## Action item
Once the line with "Vans X Bedwin" has been located in the records below, set down that line and all subsequent lines exactly, omitting the pictures.

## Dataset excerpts
======

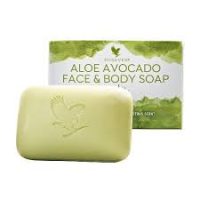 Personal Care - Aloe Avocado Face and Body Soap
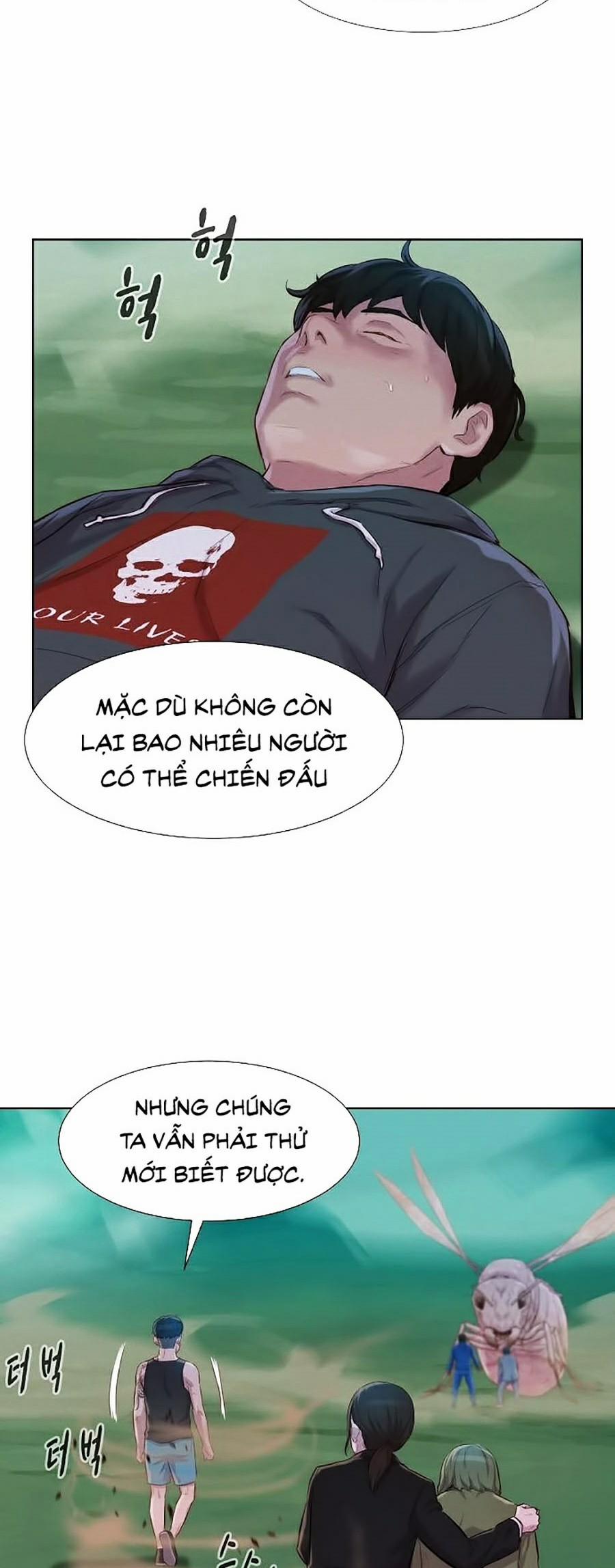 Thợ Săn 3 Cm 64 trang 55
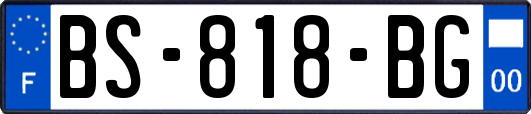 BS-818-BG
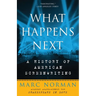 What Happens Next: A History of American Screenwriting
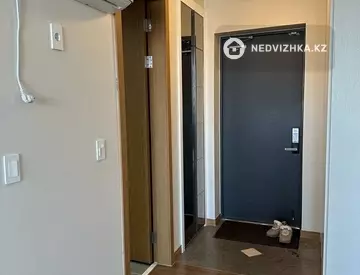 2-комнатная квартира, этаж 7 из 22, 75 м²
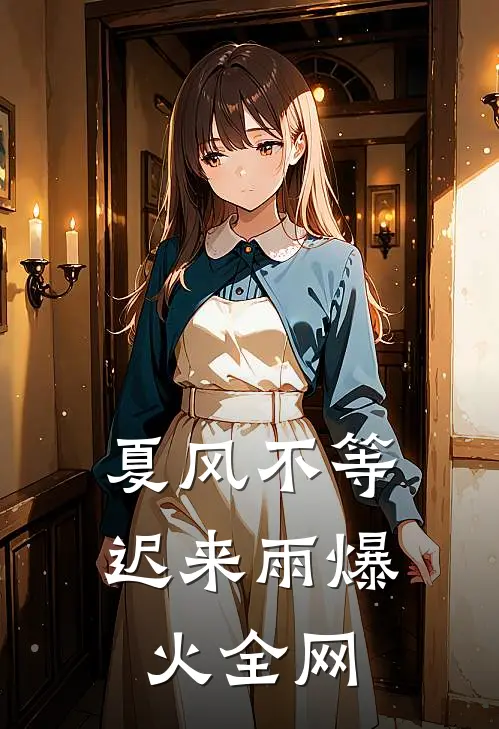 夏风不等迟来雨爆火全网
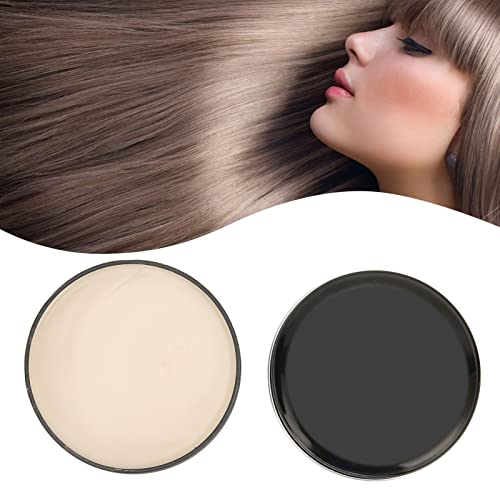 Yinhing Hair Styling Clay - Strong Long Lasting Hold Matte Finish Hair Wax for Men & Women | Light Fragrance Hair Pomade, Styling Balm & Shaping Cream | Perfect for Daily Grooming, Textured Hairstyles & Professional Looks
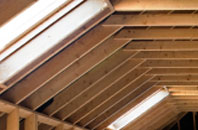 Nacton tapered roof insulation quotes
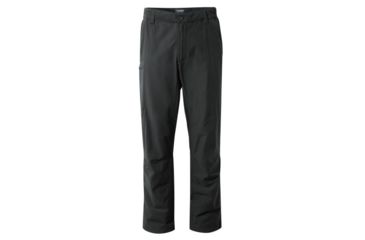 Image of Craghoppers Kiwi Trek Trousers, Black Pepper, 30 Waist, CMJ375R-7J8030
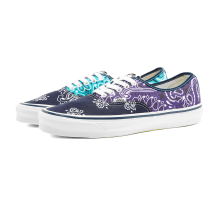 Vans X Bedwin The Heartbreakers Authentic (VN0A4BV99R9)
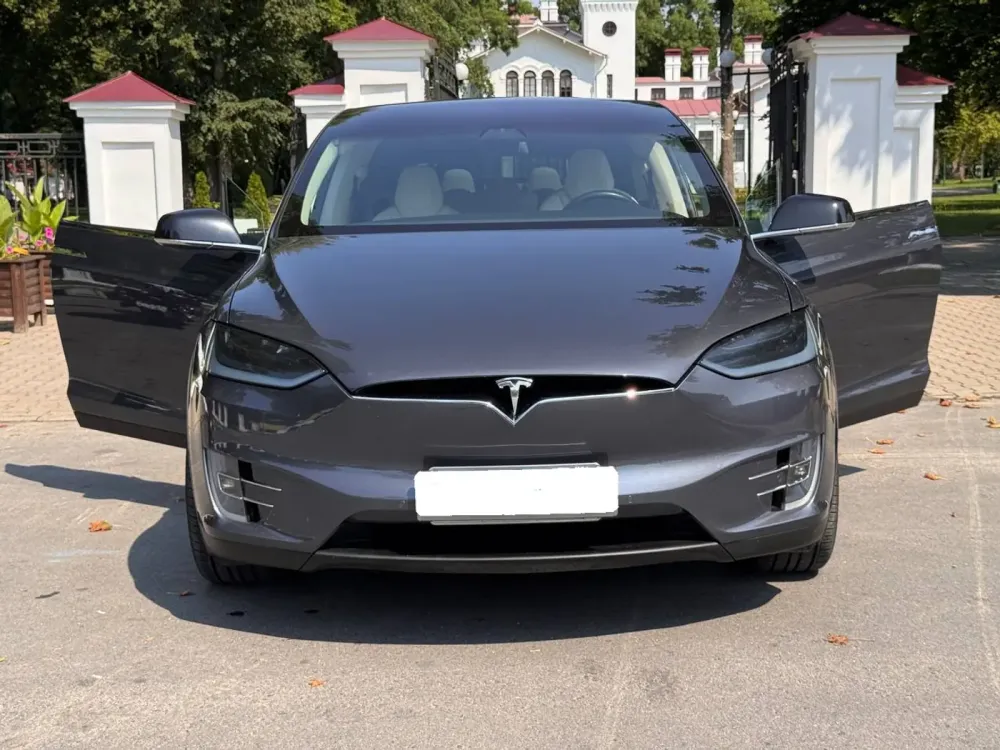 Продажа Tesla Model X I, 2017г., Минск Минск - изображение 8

======

## Answer to this exercise
 Vans X Bedwin The Heartbreakers Authentic (VN0A4BV99R9)
 Продажа Tesla Model X I, 2017г., Минск Минск - изображение 8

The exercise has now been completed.